I looked at static site generators and while some of them are impressive, they're possibly too complicated for my needs. I just wanted something that can take what I write in org-mode with its simplest features, and turn it into something readable to publish. It turns out as many have previously discovered, this is yet another task org-mode can help with. So here is my setup.

Setting up org-publish

I created a git repo with the following in .dir-locals.el:

((nil .
  ((org-publish-project-alist
    . (("site"
        :base-directory "~/dev/codeberg/site"
        :recursive t
        :exclude "\\(?:\\(?:draft\\|inc\\)/\\)" ; (rx (or "inc/" "draft/"))
        :publishing-function org-html-publish-to-html
        :publishing-directory "~/dev/codeberg/site/public_html"
        :with-author nil
        :with-creator nil
        :with-toc nil
        :time-stamp-file nil
        :section-numbers nil
        :html-doctype "html5"
        :html-html5-fancy t
        :html-head "..."  ; omitted
        :html-head-include-default-style nil
        :html-head-include-scripts nil
        :html-postamble nil
        :html-use-infojs nil))))))

This makes C-c C-e P p generate HTML files into public_html. I then run a local web server (I happened to have npx serve from having tried out Eleventy earlier, so I use that) and verify that things work as they should. Then I copy the files from public_html up to the pages repo which gets published on Codeberg Pages.

Makefile

Because I always forget commands after a week goes by without using them, I generally put useful things in a Makefile.

.PHONY: all
all:
        emacs index.org --eval "(progn (org-publish-all t) (kill-emacs))"

.PHONY: serve
serve:
        npx serve public_html


.PHONY: install
install:
        cp -R public_html/* ../pages/

Headers and footers

This was a bit more of a pain than it should have been, because org-mode insisted on doing strange and unpredictable things with relative links. In the end, I used HTML in my inc/header.org file, and included header.org and footer.org files in each subdirectory, which in turn include the canonical ones in the inc directory.

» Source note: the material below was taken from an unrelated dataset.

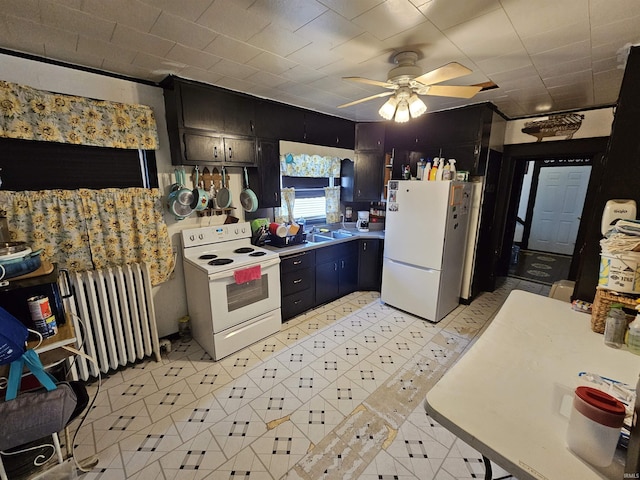 209 Seminary St, Vincennes, IN 47591 - kitchen featuring white appliances, radiator heating unit, light countertops, a sink, and a ceiling fan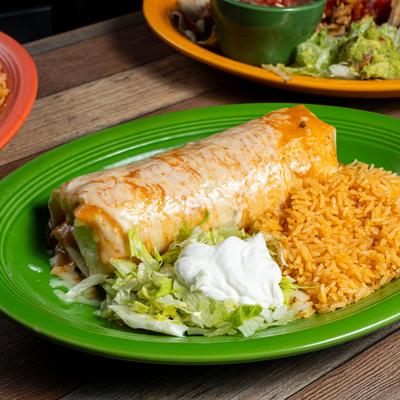 Fajita Burrito Combo with rice, lettuce, and sour cream on a green plate.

So an item can simply have the following at the top of the file

#+title: Setting up a static site with emacs org-mode
#+include: "header.org"

and this at the bottom:

#+include: "footer.org"

Update 12 September 2024

A conversation with someone on Mastodon reminded me there's a surprising behaviour when you're first setting up a .dir-locals.el file: edits to the file do not have any effect, unless you cause emacs to reload a buffer in the directory tree affected by the .dir-locals.el file.

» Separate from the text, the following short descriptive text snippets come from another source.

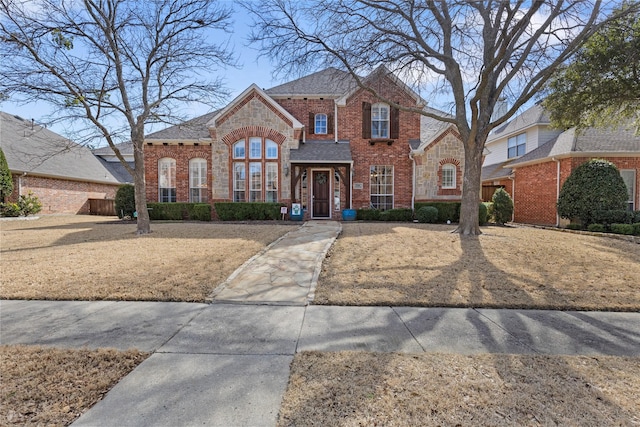 view of front of home with stone siding and brick siding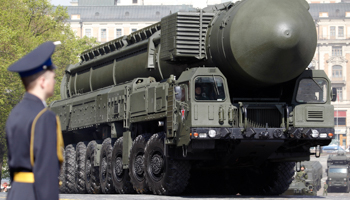 A mobile launcher carrying a Topol-M missile is driven through Moscow (REUTERS/Sergei Karpukhin)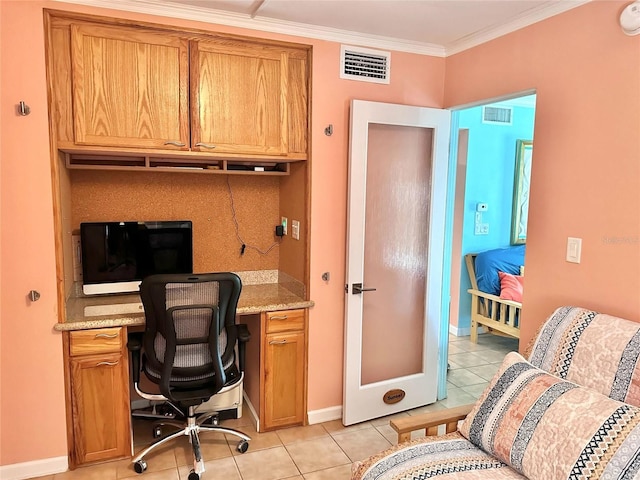 home office with light tile patterned floors, visible vents, baseboards, built in desk, and ornamental molding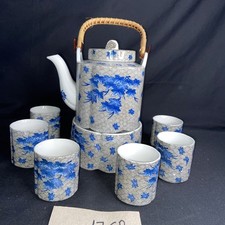 Teeservice Teekanne Becher Stövchen grau blau Porzellan China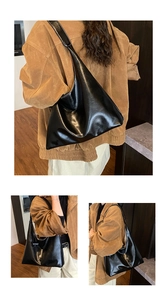 Detail view of large glossy black tote bag with wide strap paired with a brown suede jacket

The most typical way to reload a buffer is of course to kill the buffer and reopen it. But a faster way is to simply invoke M-x normal-mode on the buffer.

You'll know it's worked when emacs asks you again if you want to mark the variables as safe. If you're like me and kept tweaking the various values in that file, you'll end up with many, many entries in your init.el file, one for each time you answered '!' to the challenge. You can delete all but the topmost one.